The defendants contend that, as a matter of law, the plaintiff is not entitled to recover for any expenses incurred by it in the prior action--and in any event and at the most, for the services as to item No. 1 only (having to do with the application by Israel at Special Term to vacate the attachment). The principal thesis of the defendants seems to be based on the assumption that an attachment defendant who is subject to personal service within the State cannot recover counsel fees incurred in attacking a wrongful attachment on the merits; and it is further urged by the defendants that the appellate proceedings involved solely issues as to the merits of the attachment plaintiff's substantive claim and the expense thereof was therefore not within the ambit of damages recoverable upon the vacatur of the attachment.

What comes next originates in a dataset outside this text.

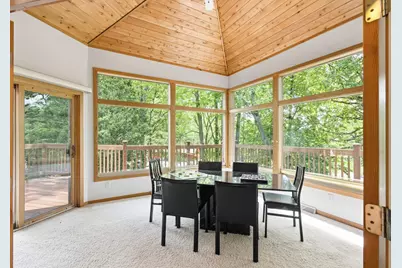 N6209  Helena St, Lake Mills, WI 53551 - Photo 23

A leading case in this State is Thropp v. Erb, 255 N.Y. 75, 174 N.E. 67, 71 A.L.R. 1455. A nonresident defendant was involved who was not personally served within the State. He made no motion to vacate the warrant. After the attachment, he personally appeared in the action and successfully contested the suit by way of trial on the merits. In determining the issue of proximate cause the court reasoned (1) that a prior motion would have been 'futile', since the defendant was a nonresident and since the attachment was valid on its face, and, therefore, the failure to make such a motion was not a break in the 'chain of causation' (255 N.Y. 75, at page 79, 174 N.E. 67, at page 68); and (2) that the 'levy in the attachment action was the cause which induced the defendant in that action to appear and defend on the merits, though no summons was served upon him.' (255 N.Y. 75, at page 81, 174 N.E. 67, at page 69.) Thus, as I read the Thropp decision, two criteria evolve for determining liability: causation and inducement. Language in the opinion is available for citation by both parties here; but it is important to note that the court was quite explicit in pointing out that '(i)n each case the question of whether the defense on the merits was the result of the warrant of attachment must depend upon the circumstances of that case.' (255 N.Y. 75, at page 80, 174 N.E. 67, at page 69).

The causation factor was cited as a basis for distinguishing prior cases in Reachi v. National Automobile and Casualty Insurance Company of Los Angeles, 37 Cal.2d 808, 236 P.2d 151. The essential facts in Reachi were identical to those in Thropp. The court in the Reachi case stated at page 811, 236 P.2d at page 153:

'Although there are several decisions by the courts of this state denying the recovery of counsel fees paid in defense of the principal suit * * * material factual differences distinguish them from the situation shown by Reachi's complaint. In none of these cases did the plaintiff allege or prove that the writ of attachment was regular on its face and, for that reason, not subject to a motion to vacate or dissolve it.'

In Elsman v. Glens Falls Indemnity Co., 146 Misc. 631, 637--638, 262 N.Y.S. 642, 649, ...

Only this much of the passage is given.